Segment Start: Exercise data
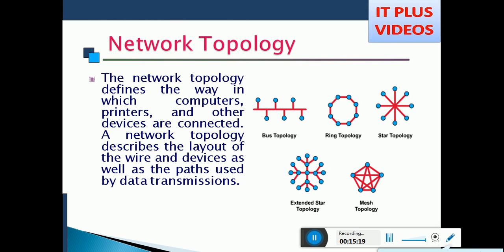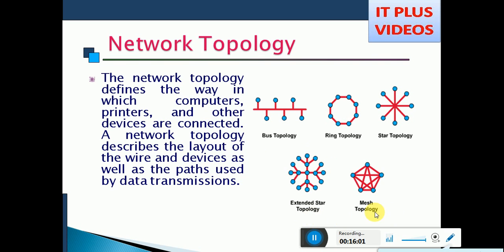Next is the network. The main thing is that the network connects computer devices. We connect to different forms according to our nature and requirements. The method of connection is called Topology. We describe different methods. The names are Bus Topology, Ring Topology, Star Topology, Extended Star Topology, and Mesh Topology.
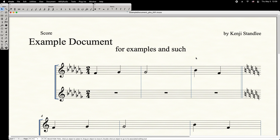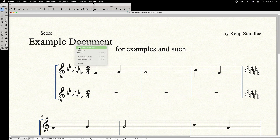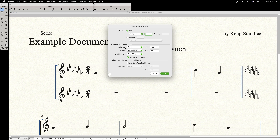Here's how to position page-assigned text in Finale. Right-click the text and select Edit Frame Attributes. Under Alignment and Positioning, you can set the horizontal or vertical position from the page margin or the page edge.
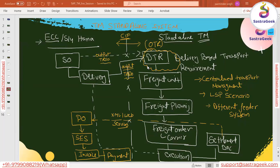In the last session we covered the concept of the standalone TM system and the decentralized TM system — how the scenario works, how a system connects with the source system which can be ECC or S/4 HANA, and how the flow works. We saw how OTR and DTR documents serve as transport requirements in between, and what the overall integration flow looks like between both systems.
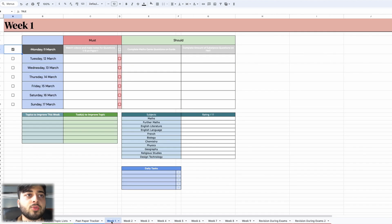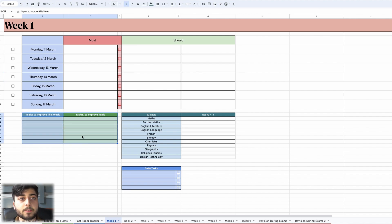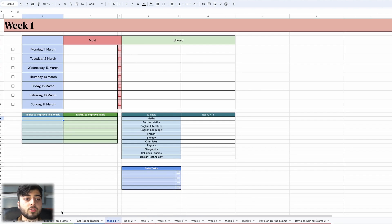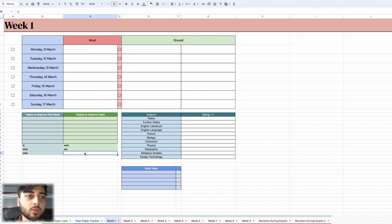Then we move on to the weekly planners. This one has probably changed the most out of everything. We're going to begin with the topics section over here — the weekly topics. This is similar to the weekly done from last year: at the very beginning of each week you go back to your subject topic list, look at which topics you're weakest at, and write a list of those weak topics here — the ones you want to focus on in this week. If these boxes aren't enough, you can just continue going at the bottom and it fills in automatically.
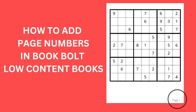Hi, this is Les Puryear, and I want to show you today how to put page numbers on your interior pages in the new BookBolt Studio. Now, it's not as easy as it used to be.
Segment End: Exercise data
■ **Problem**
Produce an exact copy of only those lines that run from the line with "In the last" to the final line of the records, including both; exclude images.

■ **Written reply**
In the last session we covered the concept of the standalone TM system and the decentralized TM system — how the scenario works, how a system connects with the source system which can be ECC or S/4 HANA, and how the flow works. We saw how OTR and DTR documents serve as transport requirements in between, and what the overall integration flow looks like between both systems.
Then we move on to the weekly planners. This one has probably changed the most out of everything. We're going to begin with the topics section over here — the weekly topics. This is similar to the weekly done from last year: at the very beginning of each week you go back to your subject topic list, look at which topics you're weakest at, and write a list of those weak topics here — the ones you want to focus on in this week. If these boxes aren't enough, you can just continue going at the bottom and it fills in automatically.
Hi, this is Les Puryear, and I want to show you today how to put page numbers on your interior pages in the new BookBolt Studio. Now, it's not as easy as it used to be.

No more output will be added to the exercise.